First note here : is it intended for your robot to be only turning left ? That could be problematic if the robot deviates too much at the left of the goal, it would be turning for almost 2*pi instead of a little bit to the right to correct its orientation.

Anyway, you should be able to achieve what you want with some little changes :

  1. I would directly set the angular speed equal to the angle difference. That would allow the robot to always correct its orientation when reaching the goal. So your angular speed at any time could be :

    speed.angular.z = angle_to_goal - theta

    That being said you might want to have a function calculating the shortest angle (because your calculation might return 3*pi/2 instead of -pi/2) not to be always turning too much and also to deal with the case when your robot is aligned to the goal but the calculation returns 2*pi. If it's not what you want I would still recommend to get the sign of the angular difference to allow your robot to turn left or right when needed.
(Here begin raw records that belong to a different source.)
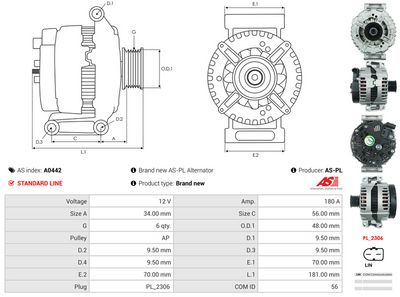 GENERATOR / ALTERNATOR AS-PL A0442 4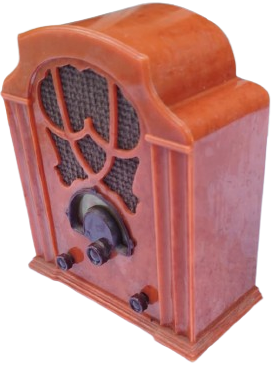 ALOCCHIO BACCHINI 53-ITALIA-1933 MINIATURE  RADYO AM-FM ALICILI MODEL TASARIM MASA USTU RADYOSU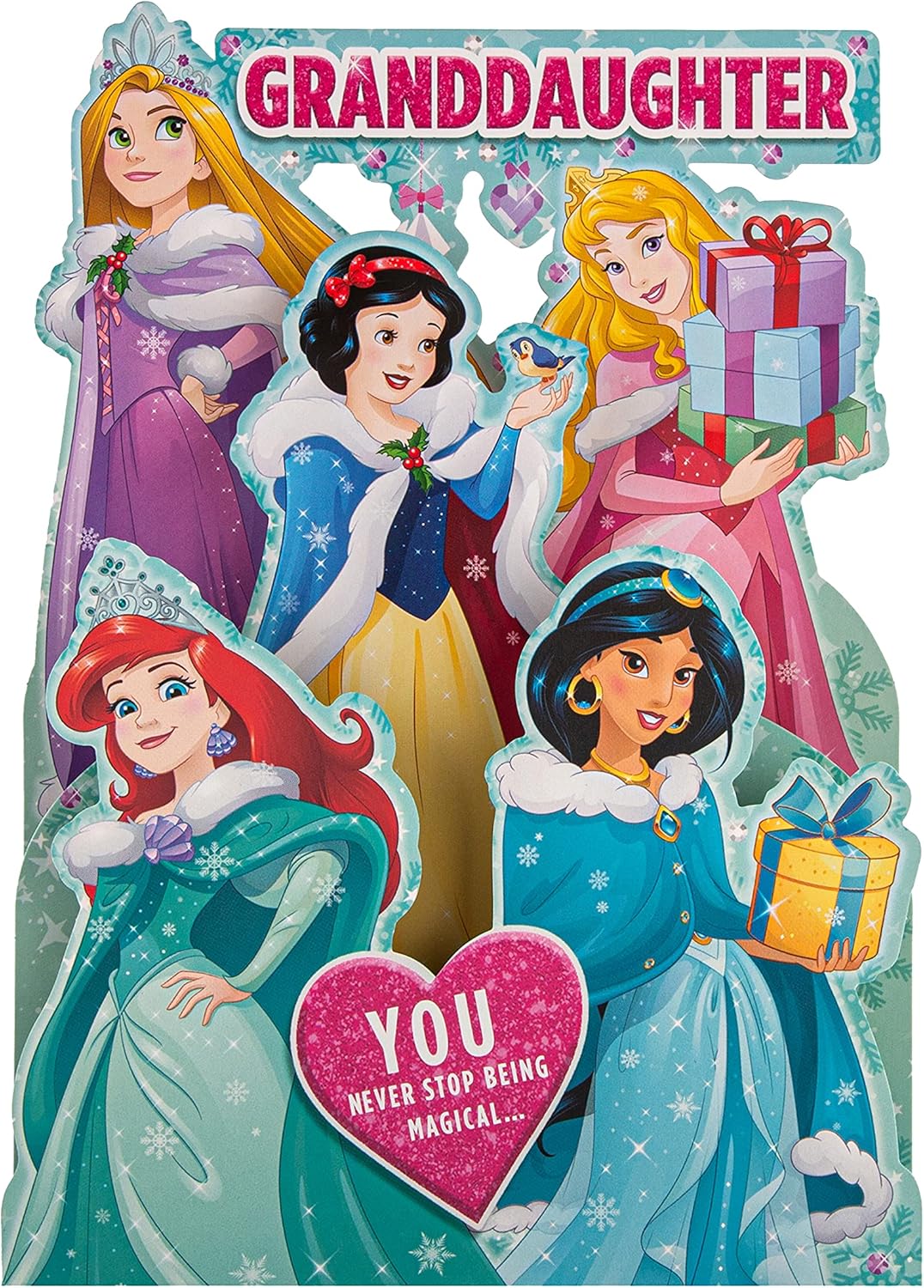 Hallmark Christmas Card for Granddaughter - Pop-up 3D Disney Princess Design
  2. I would change the condition. Instead of choosing between moving forward and turning, you could have a flag turning to true the first time your robot gets aligned to the goal and then allow it to move forward :

    move_forward = False        #define this outside of the while loop
    if abs(angle_to_goal - theta) > 0.1: 
            move_forward = True
    speed.angular.z = angle_to_goal - theta   #the angular speed is always the angualr difference
    if move_forward is True:
            speed.linear = 0.3                #the linear speed is only set once the flag is True
  3. If the robot has almost reached a goal but you are not exactly aligned with it and you are still moving forward at a constant speed, you might miss the goal (eventhough I don't know which tolerance you have) but to avoid that it is possible to also set the linear speed as the angular speed, but instead of the angular difference it would be the distance. Like that your robot will slow down when getting closer to the goal, letting you the time to adjust your orientation before missing the goal.


So if I understand the values right, if the coordinates are on the robots right side, I get a value between 0.0 and -pi returned and if its on the left its between 0.0 and pi? How do I effectively get which angle is smaller?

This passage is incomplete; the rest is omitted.